Zurich-based UBS said difficult macroeconomic conditions, as well as uncertainty over interest rates and tougher capital rules - which were outlined last month and must be met by the end of 2019 - would hit performance next year and beyond.
"In the real world things do change and ... regulation and the macroeconomic environment have changed materially," Chief Executive Sergio Ermotti told analysts in a call. "So we need to adjust both our actions and our expectations accordingly."
UBS pushed back a targeted adjusted return on tangible equity of above 15 percent to 2018 from 2016 previously. It also raised its short to medium-term expectations for its cost/income ratio to 65-75 percent from 60-70 percent.
The changes came after net profit for the three months ended September rose to 2.1 billion Swiss francs ($2.1 billion) from 762 million francs a year earlier, ahead of a forecast for 1.76 billion francs in a Reuters poll of four analysts.
Results were helped by a net tax benefit of 1.3 billion francs, largely from an increased valuation of UBS's deferred tax assets which it had flagged in the second quarter and is used to reduce the amount of tax due.
Earnings for the same period last year were hit by the bank setting aside 1.8 billion francs in legal reserves.
Shares were down 4 percent at 19.22 francs at 0850 GMT, within a European banking sector index (SX7P) down 0.1 percent.
FIFA INQUIRIES
Net new money growth - viewed as an important indicator for future revenue in wealth management - at UBS's private bank was hit by deleveraging in Asia Pacific, where jitters over the strength of China's economy have spooked investors.
Adjusted for efforts by UBS to rid itself of assets it views as unprofitable, net new money growth excluding its Americas business was 1.5 percent, below its target range of 3-5 percent.
"The stock may react negatively as there are weak spots such as the net new money generation and the new financial targets which need more clarification," J. Safra Sarasin analyst Javier Lodeiro, who has a 'buy' rating on the stock, wrote in a note.
UBS maintained its dividend policy, viewed as one of the main attractions to holding the stock.

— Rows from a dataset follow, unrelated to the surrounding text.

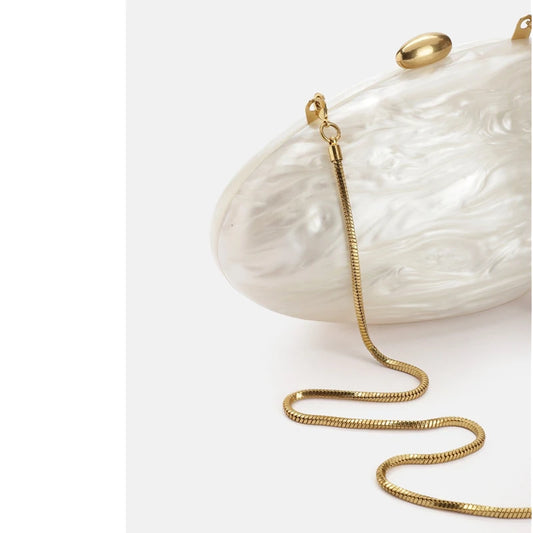 Egg Shell Clutch Bag | Acrylic Purse & Women Wedding Evening Party Handbag Luxegan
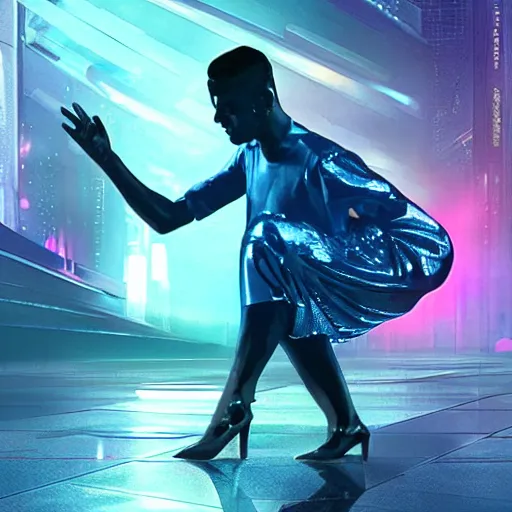 Prompt: hologram dancer, blade runner 2045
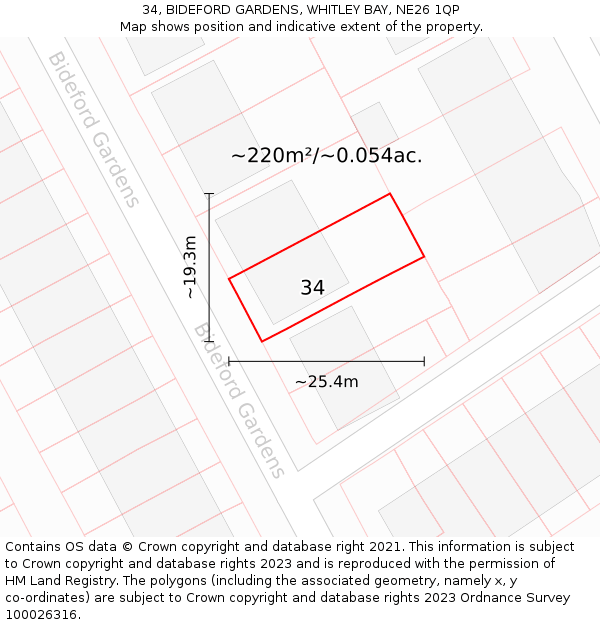 34, BIDEFORD GARDENS, WHITLEY BAY, NE26 1QP: Plot and title map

It aims to return at least half its profits to investors if it maintains capital of at least 13 percent of risk-weighted assets under global rules and 10 percent when applying its own stress tests.
On top of the results, UBS said its finance chief would shift roles among a raft of changes to its top management.
From Jan. 1, current Chief Financial Officer Tom Naratil will take on the dual role of president of UBS's wealth management business in the Americas and president of UBS Americas. Kirt Gardner, currently CFO for wealth management, will become group CFO.
UBS also said it was cooperating with inquiries from authorities relating to global soccer body FIFA and other constituent soccer associations and related persons and entities.
UBS was one of 24 banks mentioned in the U.S. Department of Justice's 164-page charge sheet against high-ranking individuals in FIFA, soccer's governing body. Swiss authorities are also investigating corruption at Zurich-based FIFA.